A cosa serve un’anima?
“Avete fatto un corpo, ora dovete fare l’anima“. Queste le parole rivolte a Giacomo e a sua moglie, da poche ore madre, da parte di padre Bruno.
Ma cos’è l’anima? Forse solo un termine un po’ moralista e un po’ démodé. Oggi abbiamo la tecnologia dalla nostra parte, siamo accuditi da Siri e Apple Watch. Gli algoritmi ci conoscono meglio di chiunque altro, sanno di cosa abbiamo bisogno. In questo panorama, a cosa serve un’anima?

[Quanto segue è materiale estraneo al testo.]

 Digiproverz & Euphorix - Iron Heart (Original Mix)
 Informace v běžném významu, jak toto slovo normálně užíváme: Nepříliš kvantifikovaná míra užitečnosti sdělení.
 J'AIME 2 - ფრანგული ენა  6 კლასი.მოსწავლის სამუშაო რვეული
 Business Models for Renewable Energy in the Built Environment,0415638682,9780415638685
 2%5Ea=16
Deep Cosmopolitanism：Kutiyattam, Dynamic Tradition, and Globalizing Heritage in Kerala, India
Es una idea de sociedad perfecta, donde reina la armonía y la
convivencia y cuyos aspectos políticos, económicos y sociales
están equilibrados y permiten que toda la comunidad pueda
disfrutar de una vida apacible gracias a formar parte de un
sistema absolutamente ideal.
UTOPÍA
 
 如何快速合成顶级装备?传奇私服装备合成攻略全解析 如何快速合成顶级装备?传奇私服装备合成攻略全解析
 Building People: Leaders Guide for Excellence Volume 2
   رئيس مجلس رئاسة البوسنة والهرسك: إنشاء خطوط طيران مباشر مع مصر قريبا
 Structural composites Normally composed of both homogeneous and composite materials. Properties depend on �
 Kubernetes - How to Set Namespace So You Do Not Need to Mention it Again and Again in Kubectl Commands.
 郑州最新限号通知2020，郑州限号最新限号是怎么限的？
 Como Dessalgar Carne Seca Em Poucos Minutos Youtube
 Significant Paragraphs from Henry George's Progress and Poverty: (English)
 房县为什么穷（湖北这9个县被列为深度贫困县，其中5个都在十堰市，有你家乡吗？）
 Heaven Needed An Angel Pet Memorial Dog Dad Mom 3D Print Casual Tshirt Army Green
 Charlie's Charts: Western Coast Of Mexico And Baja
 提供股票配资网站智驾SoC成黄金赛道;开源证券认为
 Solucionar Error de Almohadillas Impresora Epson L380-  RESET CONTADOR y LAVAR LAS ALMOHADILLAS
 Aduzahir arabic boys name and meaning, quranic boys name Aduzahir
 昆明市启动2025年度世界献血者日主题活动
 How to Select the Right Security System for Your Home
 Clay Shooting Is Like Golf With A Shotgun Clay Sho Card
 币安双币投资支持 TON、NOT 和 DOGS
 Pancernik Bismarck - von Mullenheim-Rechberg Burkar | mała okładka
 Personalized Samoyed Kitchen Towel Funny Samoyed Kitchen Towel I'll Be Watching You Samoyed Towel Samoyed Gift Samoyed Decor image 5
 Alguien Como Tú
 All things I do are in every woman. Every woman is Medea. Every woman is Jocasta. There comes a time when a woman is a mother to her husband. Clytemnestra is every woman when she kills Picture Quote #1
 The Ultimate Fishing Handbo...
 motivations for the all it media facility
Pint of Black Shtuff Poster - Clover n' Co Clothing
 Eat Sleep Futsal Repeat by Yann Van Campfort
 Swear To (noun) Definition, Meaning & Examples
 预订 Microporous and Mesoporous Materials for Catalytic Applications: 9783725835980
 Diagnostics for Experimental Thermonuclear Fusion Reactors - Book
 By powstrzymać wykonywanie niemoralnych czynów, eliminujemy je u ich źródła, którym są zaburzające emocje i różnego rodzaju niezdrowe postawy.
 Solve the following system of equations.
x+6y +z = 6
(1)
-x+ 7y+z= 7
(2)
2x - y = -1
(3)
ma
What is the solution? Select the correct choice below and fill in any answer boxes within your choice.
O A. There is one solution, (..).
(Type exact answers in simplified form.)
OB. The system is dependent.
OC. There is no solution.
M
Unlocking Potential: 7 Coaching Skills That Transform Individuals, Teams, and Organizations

Poretti si pone il quesito, pensando al figlio e alle parole del sacerdote. Quando i suoi pensieri sfiorano il problema, inizia subito una lunga divagazione che pare voler mettere a tacere la riflessione sull’anima. Lo spettacolo prosegue e l’interrogativo non può più essere taciuto, prende sempre maggior spazio nella mente di Giacomo e nel suo monologo.
La piccola pianta, posta al centro della scena, viene innaffiata e curata amorevolmente. Forse anima può essere anche questo, qualcosa di fragile e al contempo vivo, palpitante.
Delicatezza a teatro
In una scena costituita di soli oggetti bianchi, molto ospedaliera, Giacomo Poretti si interroga e coinvolge il pubblico, dando al suo discorso una sfumatura di dialogo. Con ironia riesce a suscitare le risate in platea, anche grazie all’aiuto della spiritosa e brillante Siri.
Fare un’anima coniuga leggerezza e profondità in maniera delicata. Si congeda dallo spettatore facendogli dono di un sorriso e uno sguardo di intimità.